*Task directions*
Would you print the listing that follows exactly, but without its pictures?

::: Record extracts :::

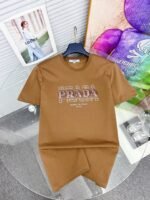 تيشيرت برادا ربيع وصيف، أحدث صيحات الموضة بياقة دائرية وأكمام قصيرة.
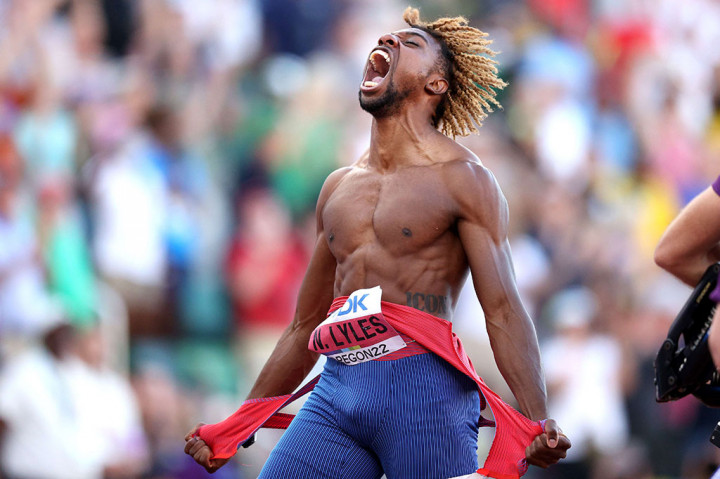 Selebrasi Noah Lyles Usai Pertahankan Mahkota Lari 200m Putra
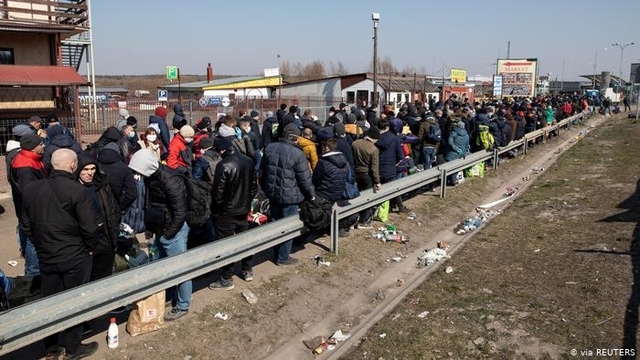Черги на кордоні з Польщею . Фото "Reuters".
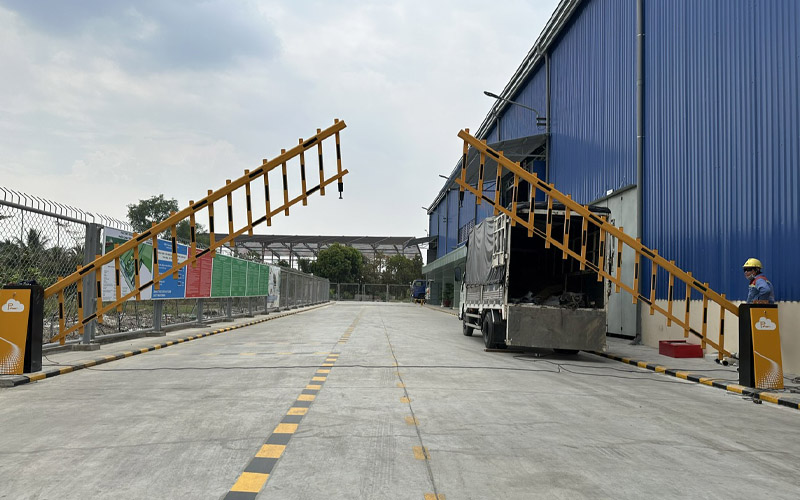 Lắp đặt barie cho khu công nghiệp
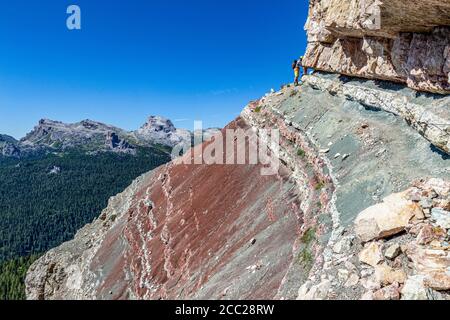 Italien Venetien Dolomiti - Wanderer entlang der Astaldi Aided Weg Stockfoto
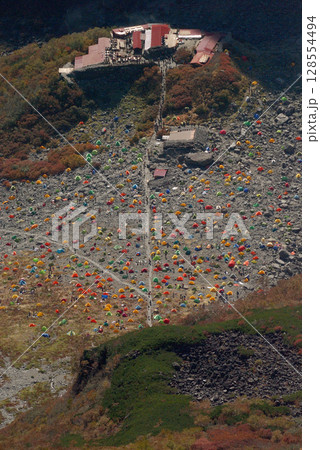 Tent site in Karasawa 錦秋の涸沢カールに広がるテント村～北穂高岳からの俯瞰 128554494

:::

*Answer section*
 تيشيرت برادا ربيع وصيف، أحدث صيحات الموضة بياقة دائرية وأكمام قصيرة.
 Selebrasi Noah Lyles Usai Pertahankan Mahkota Lari 200m Putra
Черги на кордоні з Польщею . Фото "Reuters".
 Lắp đặt barie cho khu công nghiệp
 Italien Venetien Dolomiti - Wanderer entlang der Astaldi Aided Weg Stockfoto
 Tent site in Karasawa 錦秋の涸沢カールに広がるテント村～北穂高岳からの俯瞰 128554494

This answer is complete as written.